Le celebrazioni della Pasqua in Romagna si concentrano nella Settimana Santa. La prima cerimonia religiosa è la Domenica delle Palme, durante la quale è tradizione andare a messa per la benedizione delle palme intrecciate e dei ramoscelli di ulivo. Verranno conservati in casa fino all’anno successivo a protezione della dimora e della famiglia.
Seguono durante la settimana una serie di cerimonie e processioni che commemorano la passione, morte e resurrezione di Gesù Cristo. Le città e i villaggi sono adornati con decorazioni pasquali, e nelle campagne è abitudine mettere in pratica o almeno raccontare alle nuove generazioni alcuni riti dei tempi andati.
Il Giovedì Santo nelle pianure ravennati era abitudine legare gli alberi da frutto, poiché secondo una leggenda, questi avrebbero dato un raccolto più abbondante e la nebbia non li avrebbe danneggiati. Allo stesso modo, in città si legavano le campane della chiesa, per rispettare il silenzio della passione, e si dava il via a un periodo di digiuno.

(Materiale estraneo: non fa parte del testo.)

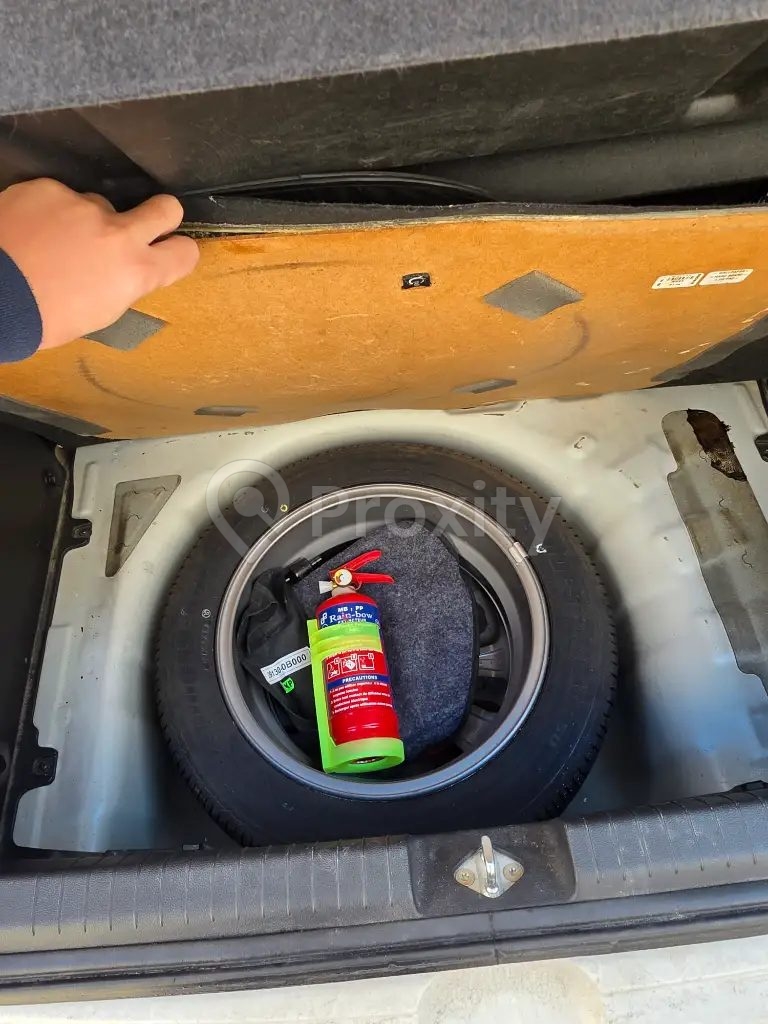 coffre-hyundai-i20-2017-roue-secours-et-extincteur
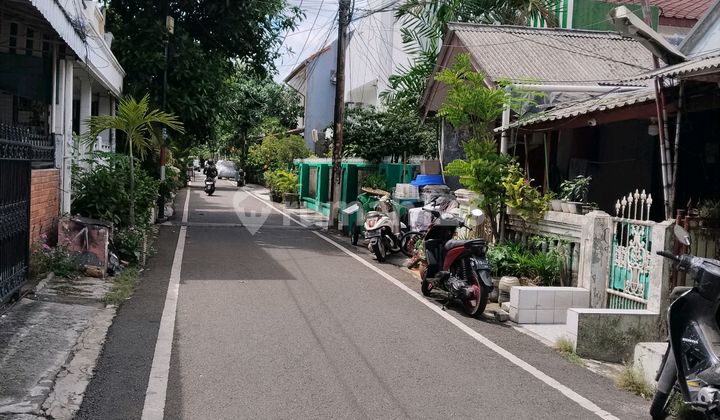 Affordable House in Kemayoran Sumur Batu, Two-Car Street
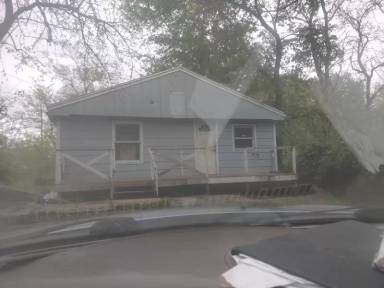 Main picture of 2120 SE Indiana Ave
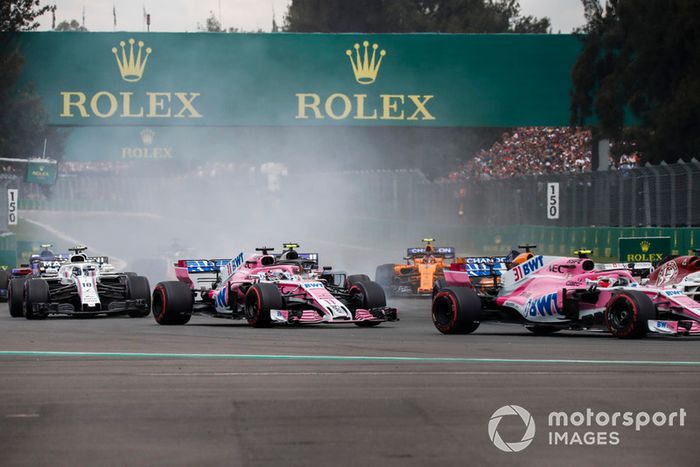 Esteban Ocon, Racing Point Force India VJM11, Sergio Perez, Racing Point Force India VJM11 y Lance Stroll, Williams FW41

Il Venerdì Santo è dedicato ad una delle tradizioni religiose più importanti della Settimana Santa: la Via Crucis. Una processione per le strade delle città in una suggestiva atmosfera di devozione e spiritualità, ricordando le tappe della passione di Cristo.
Il Sabato Santo, quando le campane venivano sciolte, i contadini liberavano i rami degli alberi e le fanciulle scioglievano i capelli per farli crescere più lunghi e voluminosi. Nelle vigne si percuotevano i tronchi delle viti, invitandole a dare un prodotto buono e abbondante e recitando formule di scongiuro contro la grandine. Ci si lavava il viso senza asciugarlo per auspicio di buona vista. Quando suonavano le campane finalmente slegate, si prendevano per le mani i piccoli e li si aiutava a superare qualche ostacolo, credendo che in virtù di ciò avrebbero iniziato a muoversi più speditamente. Si lavorava solo mezza giornata per poi passare il pomeriggio in cucina a preparare per i festeggiamenti del giorno successivo.
Durante la Domenica di Pasqua era usanza indossare l’abito buono e andare a messa per festeggiare la resurrezione di Gesù. Si trascorreva il resto della giornata in casa e in famiglia godendosi la buona cucina. Un detto di Castel Bolognese dice: “E’ dè ‘d Pasqua e e’ dè ed Nadèl /totti al galein a e’ su puler”: nel giorno di Pasqua le donne non andavano a far visita in casa altrui, poiché ciò avrebbe portato disgrazia, quindi ogni “gallina” restava nel proprio “pollaio”.
Il Lunedì di Pasqua è un momento dedicato alle scampagnate all’aria aperta, fra canti e carne arrosto nelle zone di campagna o per le prime passeggiate al mare. La Pasqua rappresentava la vera fine dell’inverno e come recita il detto: “êlta o basa, l’è invéran fena a Pasqua”, “alta o bassa che sia, l’inverno finisce a Pasqua”.